Single-serve cup sales 21 percent to $794 million in the second quarter.
Starbucks, the world’s largest coffee-shop operator, also will add Teavana tea and cocoa to its K-Cup portfolio, the Seattle-based company said in a statement.
The pact is a “symbiotic relationship” for the two companies, Riddick said. With single serve, “the market opportunity is so great because most of us are drinking more coffee than we did five years ago,” he said.
Green Mountain also sells Dunkin’ Brands Group Inc.’s Dunkin’ Donuts brand K-Cups, as well as Gloria Jean’s and Caribou Coffee single-serve coffee packs. The Keurig maker first reached an accord with Starbucks in March 2011 to sell pods.

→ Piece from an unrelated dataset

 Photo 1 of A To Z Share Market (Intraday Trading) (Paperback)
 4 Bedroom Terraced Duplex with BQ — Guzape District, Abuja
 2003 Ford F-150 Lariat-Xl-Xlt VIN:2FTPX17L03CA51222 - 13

“This long-term partnership is a big win for our shareholders, customers and consumers,” Kelley said during an earnings call. The contract may be renewed for another five years “upon achieving mutually agreed upon volumes,” he said.

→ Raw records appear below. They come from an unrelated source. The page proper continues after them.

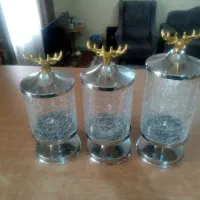 بانکه 3 تایی سیلور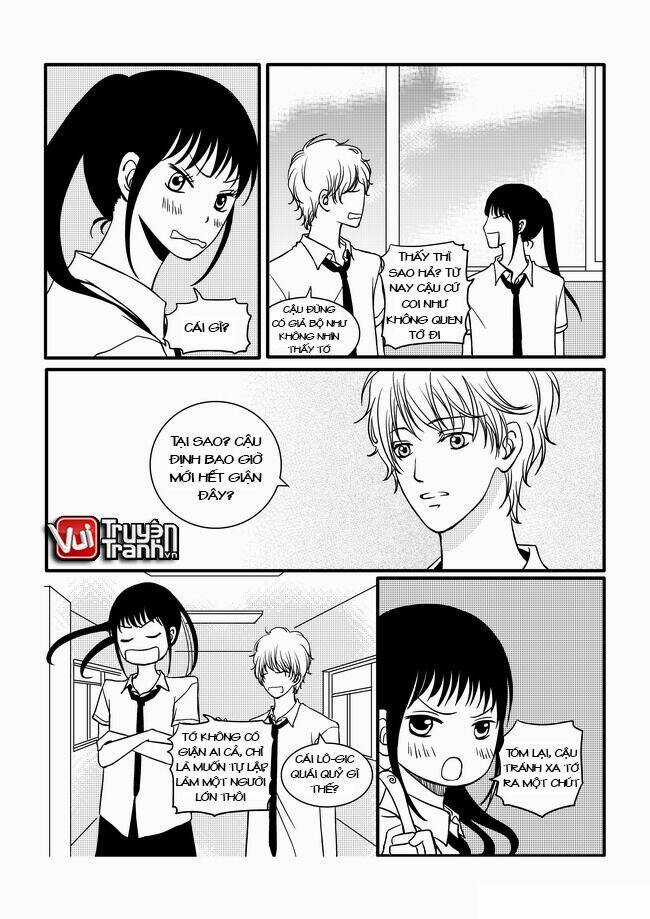 Ngốc Ạ, Tớ Thích Cậu Chapter 5 trang 7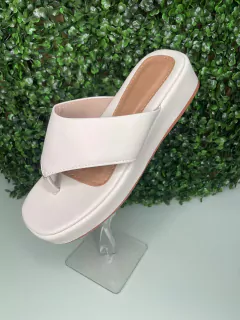 FLAT CATERINE - OFF WHITE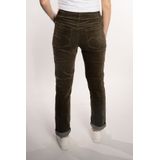 Red Button - Tessy Velvet - Broek - Hoog Taille - Zacht en Elastisch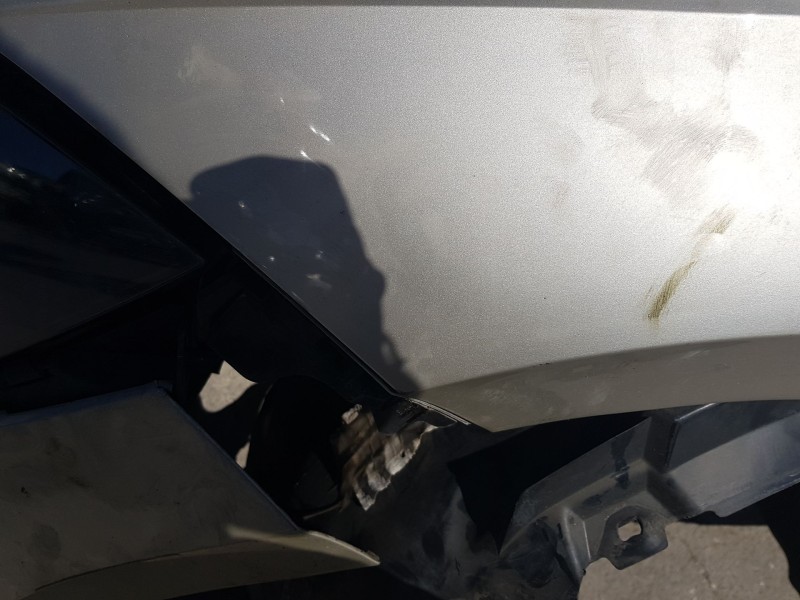 Recambio de aleta delantera izquierda para volkswagen polo vi (aw1, bz1, ae1) 1.0 tsi referencia OEM IAM 2G0821105 TOCADA 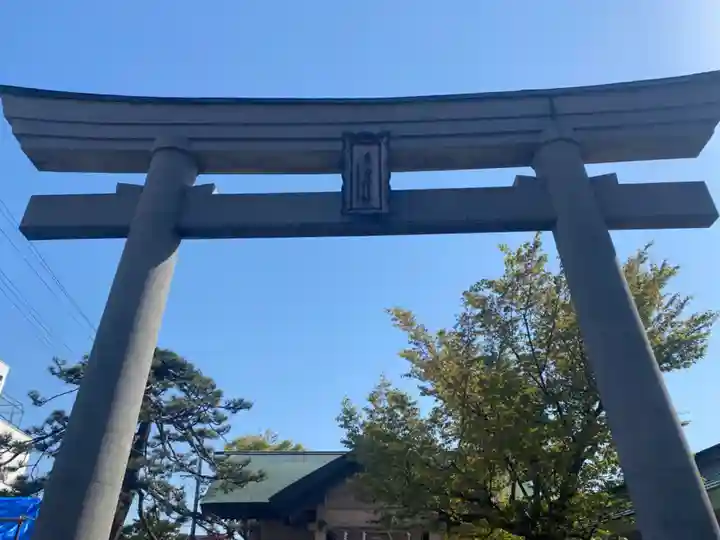 廣田神社~病厄除守護神~の鳥居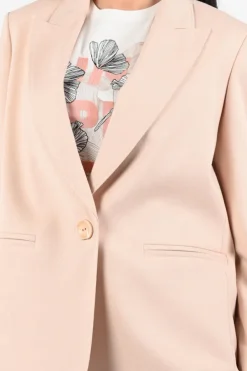 Marc Cain AC 34.19 W12 Blazer Licht roze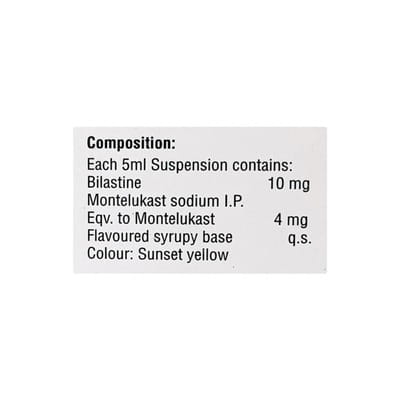 Bilalife M Mango Flavour Bottle Of 60ml Suspension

Starbucks stores will sell Keurig brewers and the two companies have identified about a dozen international markets to expand to with Keurig machines and K-Cups, Kelley said during an interview.
Green Mountain’s second-quarter net income rose 42 percent to $132.4 million, or 87 cents a share, from $93 million, or 58 cents, last year. Excluding certain items, profit was 93 cents a share. Analysts projected 73 cents, the average of 12 estimates compiled by Bloomberg.
Sales of Green Mountain brewers and accessories dropped 9.6 percent to $126.8 million in the second quarter. The company is trying to combat rivals in the U.S. with new coffee machines -- including the Vue and Rivo brewers. The Keurig Rivo R500 espresso maker is $315 on the Bloomingdale’s website, while Starbucks Corp.’s Verismo V585 machine is $299 on its website.
Total revenue rose 14 percent to $1 billion in the quarter. Analysts estimated $1.02 billion, on average.